Despite light easterly winds not that many migrants turned up. The best was a Common Rosefinch at Grutness but now flocks of birds are starting to gather. Groups of 50-150 starlings are roaming about, especially around seaweed which provides a lot of insects to feed on.
On shorter grass a flock of Meadow Pipit (32) skylark(6), wheatear (8) and White/ Pied Wagtail (8) but no Citrine wagtail which was seen a few days ago near the pool at Grutness. Skeins of Greylag Geese are very vocal as they fly over.

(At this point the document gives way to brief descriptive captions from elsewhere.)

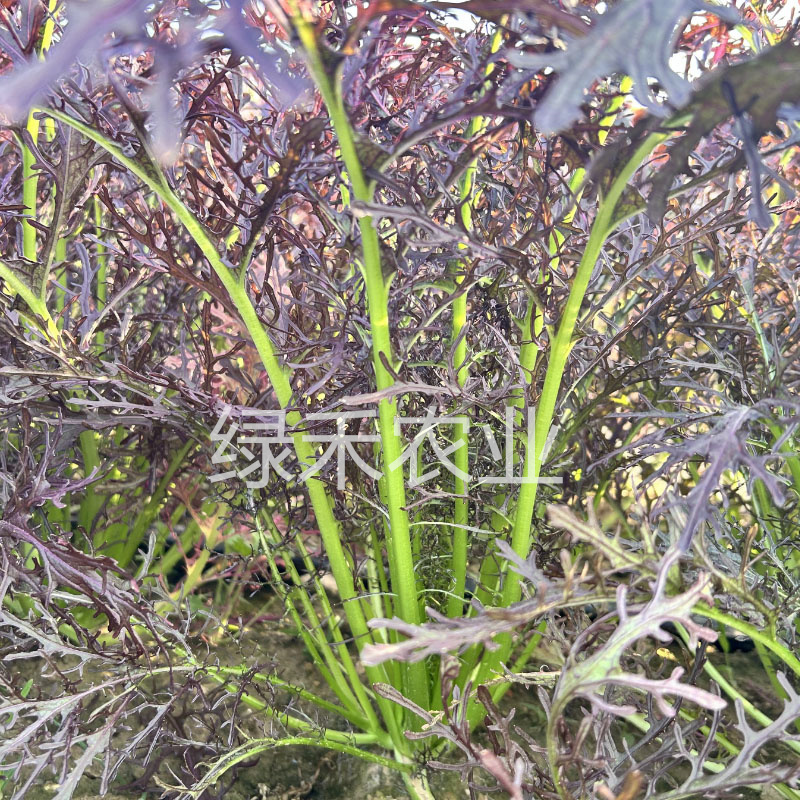 紫京水菜种子水晶菜紫芥菜香味浓郁四季蔬菜种子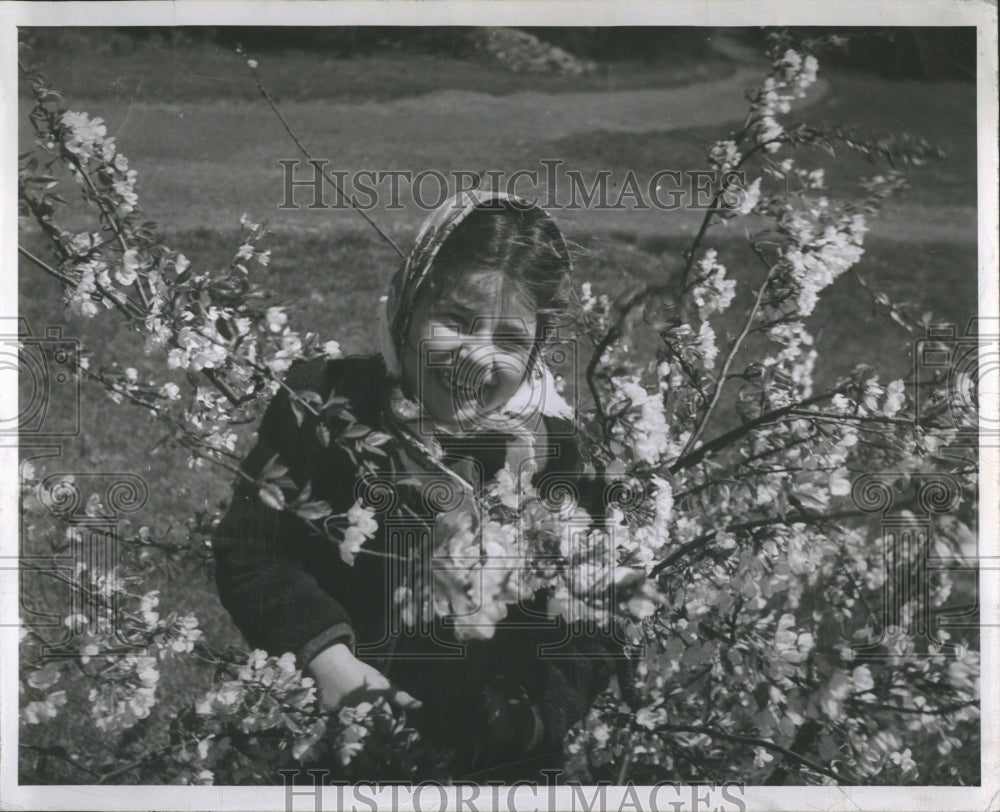 1950 Peaches Press Photo - Historic Images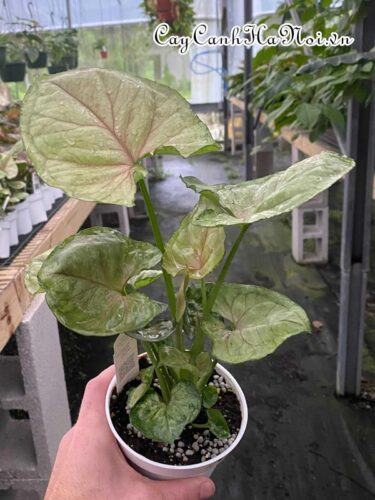 Syngonium Mango Allusion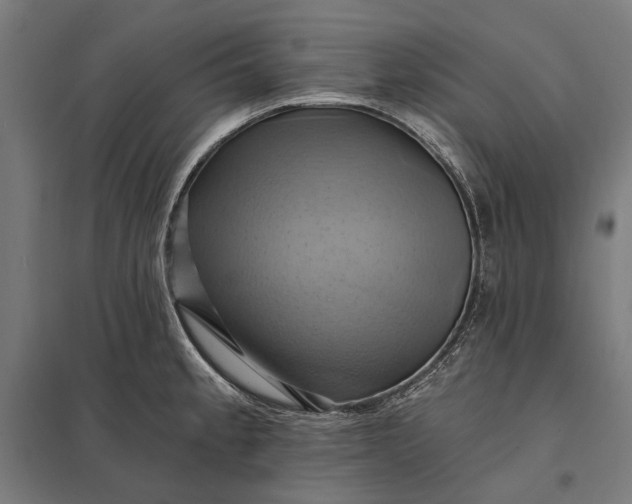 X0000097831189200803281153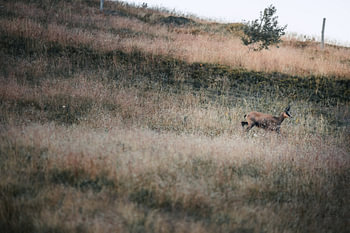 Chamois a Hohneck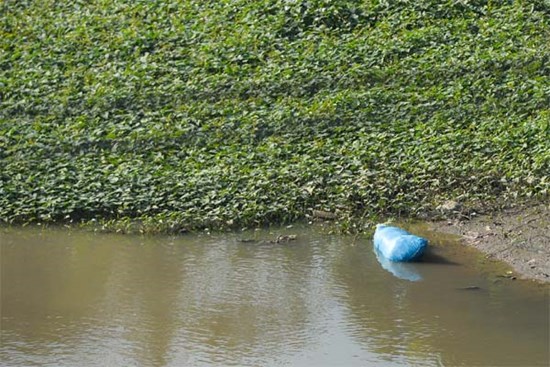 Hiện trường vụ 3 bố con tử vong trên sông Bắc Hưng Hải ở Hưng Yên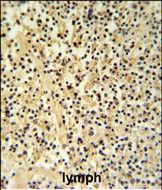 IHC-P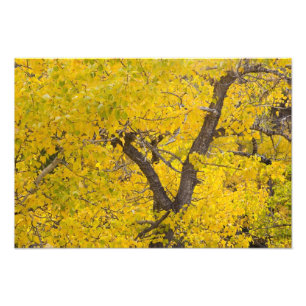 Impression Photo Peuplier en couleurs de pointe en automne dans Gla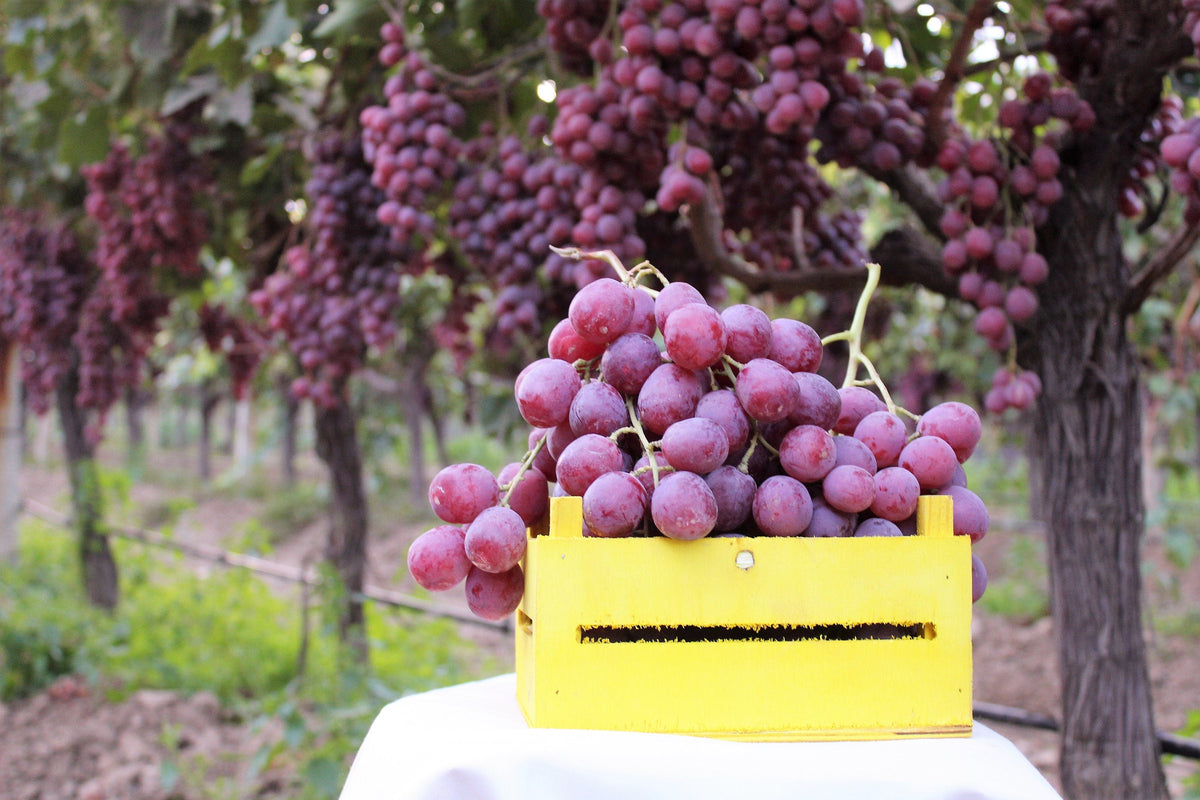 10 Giant RED GLOBE GRAPE Vitis Vinifera Fruit Vine Seeds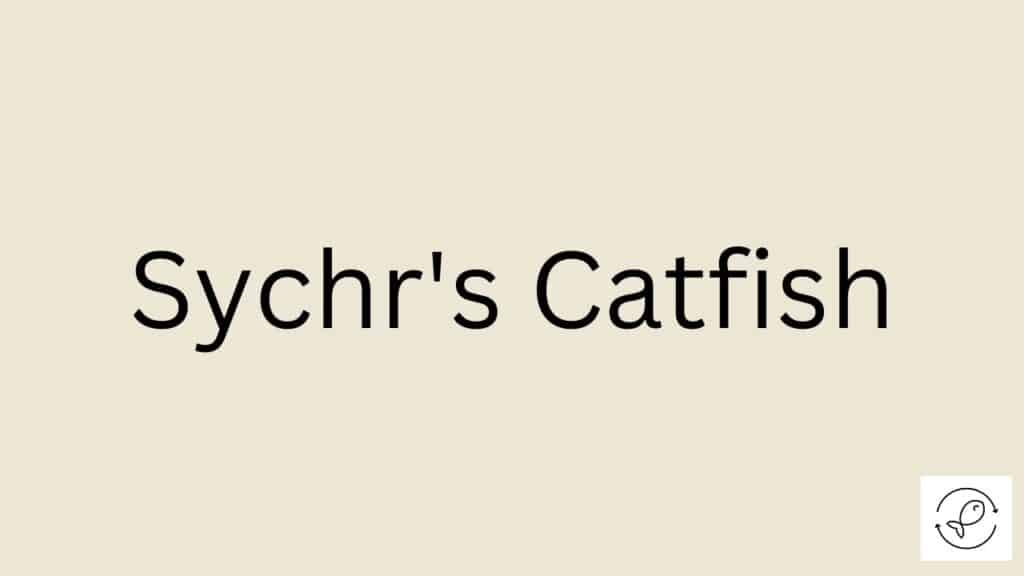 Sychr's Catfish Featured Image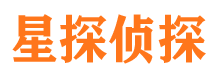 岱岳侦探公司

The beach at Grutness held many waders until recently but during visits over the past few days very few have been seen. On the last occasion only Knot (1) Redshank (1) oystercatcher (1) Sanderling (1) Turnstone (1) and a flew over Curlew was present.
Overall it seems quieter with all the main seabird now departed and the Skuas have followed. Fulmars and Gannets are still around with plenty of young Herring gulls. Ravens and Hoddie Crows are moving further field with a few flying close to our house finding the occasional meal put out for the smaller birds.
A few bees especially Northern White tailed are visiting road side plants and coming into gardens, especially as the weather is so good. Even the odd Red Admiral and Painted Lady butterflies can be found, a great year for both.
As the migration season is now underway I am looking forward to seeing falls of birds and more unusual warblers. On a different subject was this Sea Kale which is only the 3rd reported plant for Shetland, found by Logan Johnson (thanks for the location) on a beach near Tesco. Its about 1-1/2 feet wide on a shingle beach.
Having visited Boddam several times recently its hard not to see Brown Rats running about among the rocks especially on the west side.